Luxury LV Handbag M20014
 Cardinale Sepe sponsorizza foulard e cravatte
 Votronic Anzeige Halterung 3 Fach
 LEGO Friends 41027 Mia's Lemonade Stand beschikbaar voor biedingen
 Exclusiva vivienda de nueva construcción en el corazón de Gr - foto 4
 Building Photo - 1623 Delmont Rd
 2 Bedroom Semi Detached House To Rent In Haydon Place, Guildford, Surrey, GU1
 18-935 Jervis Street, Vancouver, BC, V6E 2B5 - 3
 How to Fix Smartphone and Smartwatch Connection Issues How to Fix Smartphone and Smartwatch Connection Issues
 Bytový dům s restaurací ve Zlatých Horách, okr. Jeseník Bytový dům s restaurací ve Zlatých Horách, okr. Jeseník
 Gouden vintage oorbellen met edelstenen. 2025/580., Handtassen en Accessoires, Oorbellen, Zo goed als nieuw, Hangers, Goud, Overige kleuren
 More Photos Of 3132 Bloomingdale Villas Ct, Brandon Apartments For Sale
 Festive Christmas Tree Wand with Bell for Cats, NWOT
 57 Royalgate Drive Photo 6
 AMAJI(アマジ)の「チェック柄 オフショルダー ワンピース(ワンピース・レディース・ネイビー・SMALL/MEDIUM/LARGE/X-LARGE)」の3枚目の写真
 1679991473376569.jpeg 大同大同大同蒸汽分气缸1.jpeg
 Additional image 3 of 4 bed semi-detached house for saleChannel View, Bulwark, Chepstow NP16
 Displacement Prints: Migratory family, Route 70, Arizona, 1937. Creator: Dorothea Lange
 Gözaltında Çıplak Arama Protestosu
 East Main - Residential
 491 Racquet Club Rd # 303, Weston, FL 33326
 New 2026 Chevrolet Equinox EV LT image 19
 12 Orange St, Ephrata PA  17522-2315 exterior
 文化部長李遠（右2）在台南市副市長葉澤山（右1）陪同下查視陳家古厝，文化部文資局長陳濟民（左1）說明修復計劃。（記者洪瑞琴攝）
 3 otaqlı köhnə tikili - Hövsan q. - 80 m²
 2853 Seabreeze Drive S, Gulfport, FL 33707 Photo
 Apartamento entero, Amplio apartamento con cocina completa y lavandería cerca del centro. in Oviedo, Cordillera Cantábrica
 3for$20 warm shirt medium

(EXERCISE):
In the entries above, find the line with "Cardinale Sepe sponsorizza" and the line with "How to Fix Smartphone and Smartwatch Connection Issues How", then set down exactly those two and every line between them, nothing else.

(RESPONSE TO THE TASK):
 Cardinale Sepe sponsorizza foulard e cravatte
 Votronic Anzeige Halterung 3 Fach
 LEGO Friends 41027 Mia's Lemonade Stand beschikbaar voor biedingen
 Exclusiva vivienda de nueva construcción en el corazón de Gr - foto 4
 Building Photo - 1623 Delmont Rd
 2 Bedroom Semi Detached House To Rent In Haydon Place, Guildford, Surrey, GU1
 18-935 Jervis Street, Vancouver, BC, V6E 2B5 - 3
 How to Fix Smartphone and Smartwatch Connection Issues How to Fix Smartphone and Smartwatch Connection Issues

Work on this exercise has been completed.